Already on GitHub? Sign in to your account

Closed
wants to merge 13 commits into from

Conversation

kimbarrett
Copy link

@kimbarrett kimbarrett commented May 18, 2025

This change makes java.nio no longer use jdk.internal.ref.Cleaner to manage
native memory for Direct-X-Buffers. Instead it uses bespoke PhantomReferences
and a dedicated ReferenceQueue. This differs from PR 22165, which proposed to
use java.lang.ref.Cleaner.

This change is algorithmically similar to the two previous versions:
JDK-6857566 and JDK-8156500 (current mainline). The critical function is
Bits::reserveMemory(). For both of those versions and this change, a thread
calls that function and tries to reserve some space. If it fails, then it
keeps trying until all cleaners deactivated (cleared) by prior GCs have been
cleaned. If reservation still fails, then it invokes the GC to try to
deactivate more cleaners for cleaning. After that GC it keeps trying the
reservation and waiting for cleaning, with sleeps to avoid a spin loop,
eventually either succeeding or giving up and throwing OOME.

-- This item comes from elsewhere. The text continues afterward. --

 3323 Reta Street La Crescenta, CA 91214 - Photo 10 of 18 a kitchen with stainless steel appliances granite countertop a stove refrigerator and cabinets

Retaining that algorithmic approach is one of the goals of this change, since
it has been successfully in use since JDK 9 (and was originally developed and
extensively tested in JDK 8).

The key to this approach is having a way to determine that deactivated
cleaners have been cleaned. JDK-6857566 accomplished this by having waiting
threads help the reference processor until there was no available work.
JDK-8156500 waits for the reference processor to quiesce, relying on its
immediate processing of cleaners. java.lang.ref.Cleaner doesn't provide a way
to do this, which is why this change rolls its own Cleaner-like mechanism from
the underlying primitives. Like JDK-6857566, this change has waiting threads
help with cleaning references. This was a potentially undesirable feature of
JDK-6857566, as arbitrary allocating threads were invoking arbitrary cleaners.
(Though by the time of JDK-6857566 the cleaners were only used by DBB, and
became internal-only somewhere around that time as well.) That's not a concern
here, as the cleaners involved are only from DBB, and we know what they look
like.

As noted in the discussion of JDK-6857566, it's good to have DBB cleaning
being done off the reference processing thread, as it may be expensive and
slow down enqueuing other pending references. JDK-6857566 only did some of
that, and JDK-8156500 lost that feature. This change moves all of the DBB
cleaning off of the reference processing thread. (So does PR 22165.)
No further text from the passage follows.